The photographs are of a woman dressed in gym gear whose body image has been digitally manipulated on a computer to stretch around the cylinder. In some cases her body parts fold round to meet themselves; arms and legs are elongated giving a sense of beginning and ending becoming melded. In others they are simply stretched to appear grotesque such as in the image entitled Double Breast which was used to advertise the exhibition. The expressions on the woman's face range from a grimace of pain at the exertion to a grin of delight. Based on the artists' experiences in the gym of (in particular women's) bodybuilding, Muscles has itself been formed to 'explore different perspectives on the body.' The manipulations show the process of how shape can be moulded during the body building experience. The spatial regularity of the pillars themselves works well to juxtapose the idea of uniformity with distortion, both features of this process.

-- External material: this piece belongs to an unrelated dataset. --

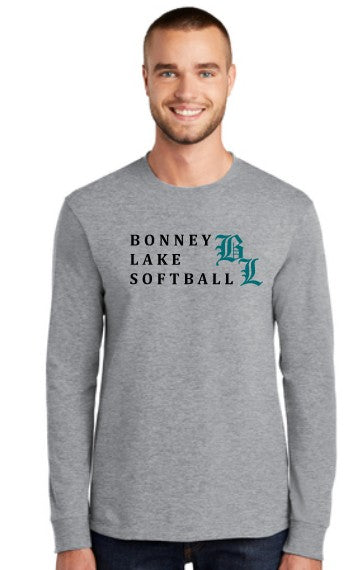 Bonney Lake Softball Adult Long Sleeve Cotton Blend Tshirt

The notion of the grotesque, something, which is often attributed to the culture of body building, is referred to in the accompanying text for the exhibition. Bakhtin analysed the Renaissance treatment of the grotesque by the writer Rabelais as 'a bodily and popular corrective to individual idealistic and spiritual pretence'. Muscles has introduced a way of looking at these ideas and involves an element of humorous (self) reflection. Perhaps this can be taken further by working in the realm of collective activity in gyms and witnessing the phenomenon of bodybuilding in its own cultural context. Other places where the grotesque and body manipulation feature can be seen as part of this context. Sky TV's wrestling programmes with its use of people of contrasting body sizes is one. There is a lot of potential within a thematics of body image and manipulation in contemporary art production and performance to look at those instances where the 'body beautiful' meets the 'grotesque'. The whole notion of definition is certainly on the agenda for further investigation and thought in art practice.